If you consider the coaching on a one-to-one level it may be easier to see how the different levels of coaching are applied and when or why different techniques are applied.

If we take writing a first draft of a user story as an example.

  1. At one end of the spectrum the coach could ‘teach’ or talk about general story writing techniques and practices and give examples.  (Teaching) abstract ideas – blogging, courses, lectures, presentations etc
  2. Or it might be useful for the person being coached to work through a generic example with the aid of a coach (Training). Workshops or interactive activities such as games.
  3. Or it might be useful for the person being coached to work through a real example with the coach available to ask questions or the coach asking questions and offering encouraging ideas (Coaching/Consulting/Advice)
  4. In some cases the coach may sit with the person being coached as a partner sharing thoughts and ideas in a balanced way sharing the work (player coaching/mentoring)
  5. At the other end of the spectrum it may be that the coach actively participates in a pairing situation and shows the person being coached what is being done and explaining why.  – At this point the line between coaching and doing is a line in the sand and depending on the engagement level of the person being coached the level of learning and improvement may be negligible.
  6. And finally the coach does the work on behalf of the team/individual even though the team could do it for themselves. At this point there is no coaching value at all.

coaching

Of these five levels most Agile Coaches operate at levels 2 and especially 3, occasionally in 1 and 4, but 5 is unusual, certainly in my current role we explicitly say that we shouldn’t ‘do’ and if we stray we should be aware that we are no longer coaching.  In contrast a Scrum Master spends more time at 3 and 4 and often at 5  or even 6 – resolving impediments, producing metrics etc. But the overlap between the roles is subtle and there is no hard line. It is more a question of the intended outcome, rather than how it is achieved.

Reality

Of course the ideal and the reality can be quite different, I have been giving some product owner coaching recently and this is a double edged sword, the product owner aspect of software delivery is one of my favourites and I get enthusiastic. So I have been helping write story maps, and identifying personas and writing stories but every once in a while I’ll start doing, throwing out my ideas, making corrections without discussion and my biggest sin, taking over at the keyboard!  Thankfully usually one of us will spot it quickly and non-verbal cues will put me back in my coaching box.

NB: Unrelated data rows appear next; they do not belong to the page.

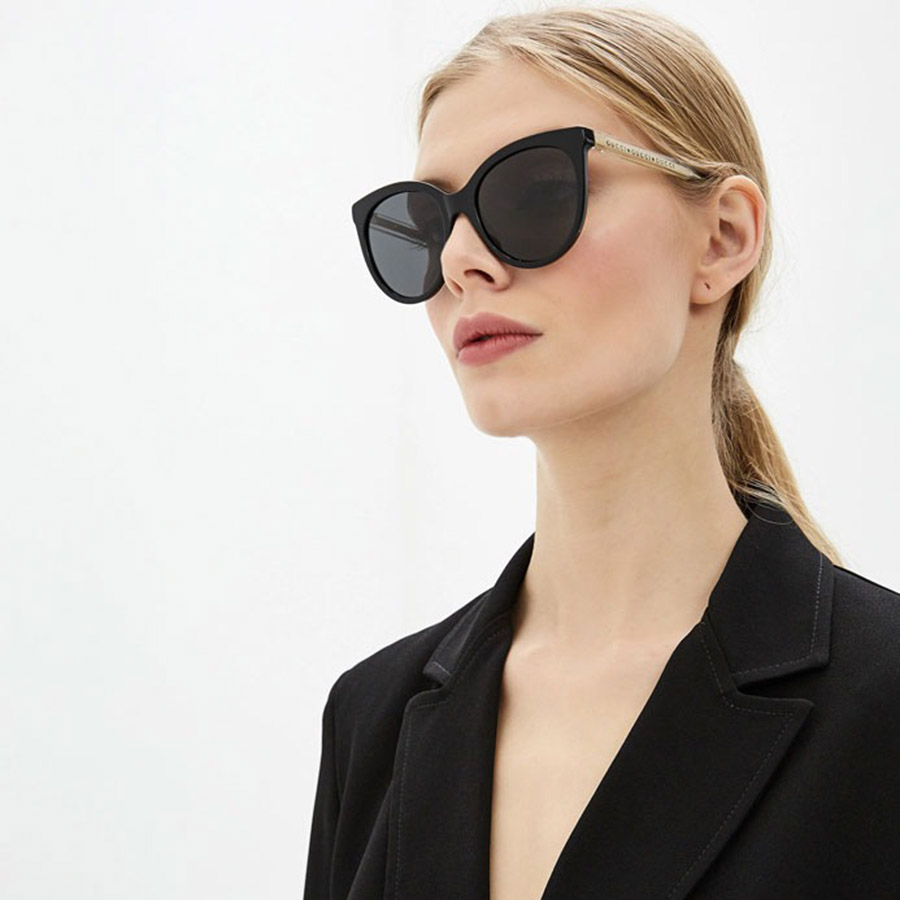 Kính Mát Gucci GG0565S 001 Women's sunglasses Màu Đen Vàng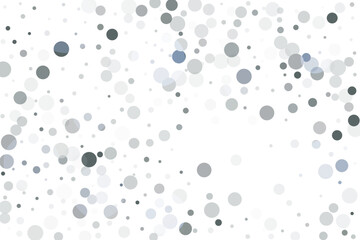 Silver glitter confetti on a white background. Illustration of a drop of shiny particles. Decorative element. Luxury background for your design, cards, invitations, gift, vip.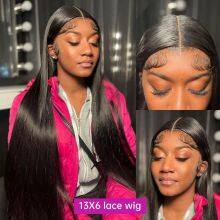 200% Straight Transparent Human Hair Wig 13x6 Lace Front Wigs 13x4 Lace Frontal Wig 5x5 Glueless Preplucked Wigs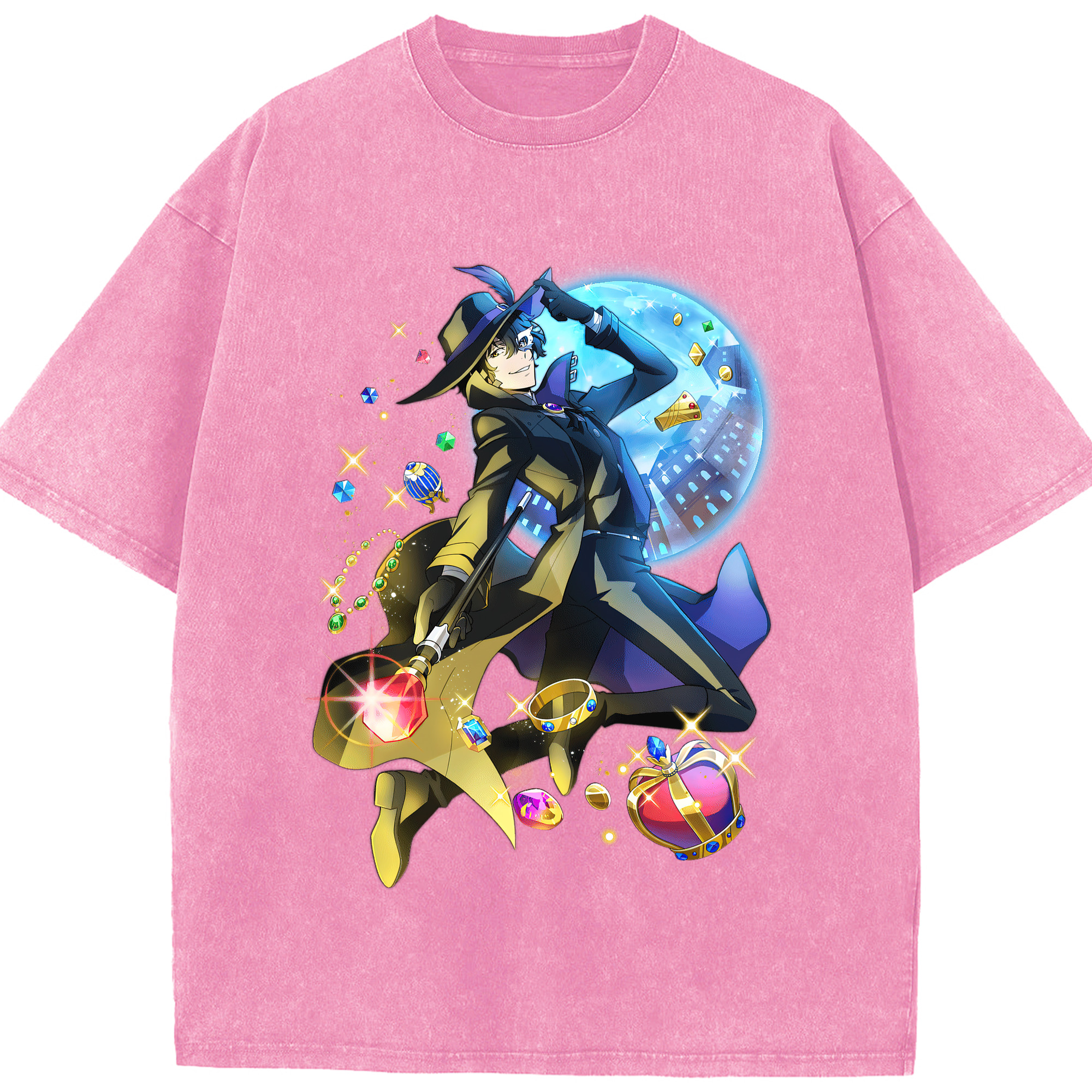（画像用） 文豪ストレイドッグス Bungo Stray Dogs 綿100% ヴィンテージ風 半袖Tシャツ（フロントプリント）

My summary is really that not understanding the goal of the coaching leads to all sorts of problems, the teams facing a particular problem may feel they are not getting the assistance they need. It may be difficult to measure whether a coach is effective when they go out of their way not to ‘do’ something. The role is both very broad and very misunderstood.

But when the role is understood and when those being coached understand the relationship and the value of it, the situation changes drastically. It is a hugely rewarding role and the relationships can be fun and fruitful. When you accept that you are expected to solve your own problems (with guidance) it can be very empowering, a coach becomes someone that can help YOU expand YOUR understanding and ability, but credit belongs to you, not to the coach, they just point the way – you have to do the work.

Will Agile lead to the end of gender bias in IT?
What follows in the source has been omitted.